- **PROBLEM TO SOLVE**: Of all the entries below, retype only the lines from the one with "Hello friends, very" through the one with "As you know, there", exactly as they appear.

- **GIVEN DATA**:
_ _ _
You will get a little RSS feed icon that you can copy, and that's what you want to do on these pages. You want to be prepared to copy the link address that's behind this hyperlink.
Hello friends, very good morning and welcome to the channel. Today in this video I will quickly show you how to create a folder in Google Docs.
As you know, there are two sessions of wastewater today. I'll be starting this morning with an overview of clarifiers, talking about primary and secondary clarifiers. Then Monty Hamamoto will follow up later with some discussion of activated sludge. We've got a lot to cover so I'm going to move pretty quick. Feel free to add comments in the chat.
_ _ _
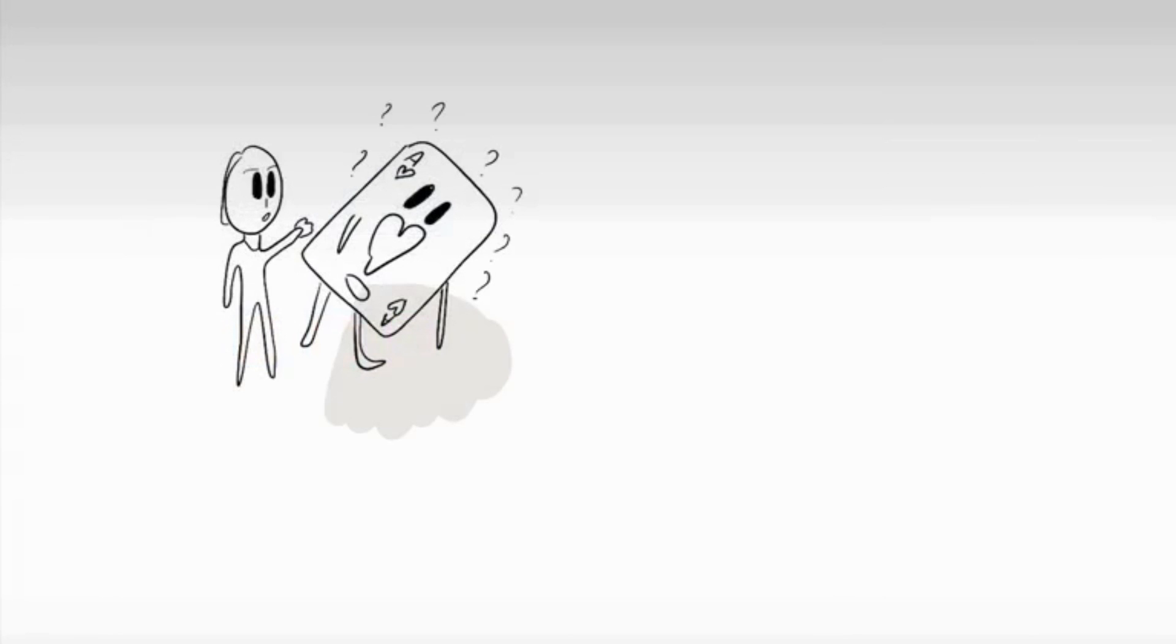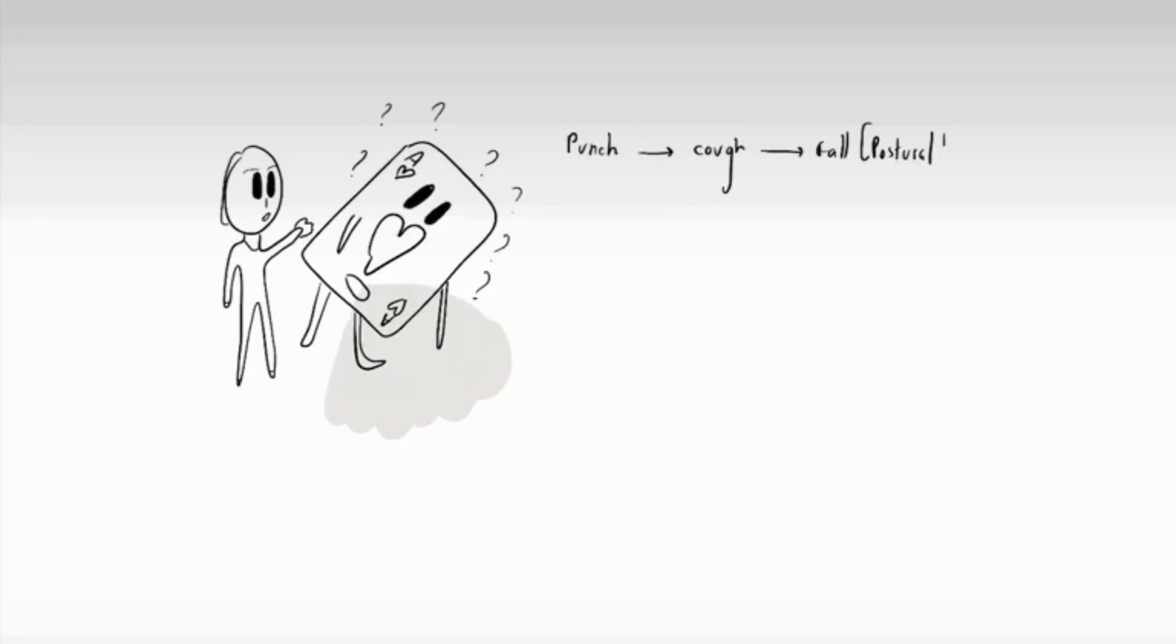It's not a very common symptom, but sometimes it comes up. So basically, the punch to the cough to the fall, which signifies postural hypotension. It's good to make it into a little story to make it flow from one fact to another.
_ _ _
- **EXERCISE OUTPUT**:
Hello friends, very good morning and welcome to the channel. Today in this video I will quickly show you how to create a folder in Google Docs.
As you know, there are two sessions of wastewater today. I'll be starting this morning with an overview of clarifiers, talking about primary and secondary clarifiers. Then Monty Hamamoto will follow up later with some discussion of activated sludge. We've got a lot to cover so I'm going to move pretty quick. Feel free to add comments in the chat.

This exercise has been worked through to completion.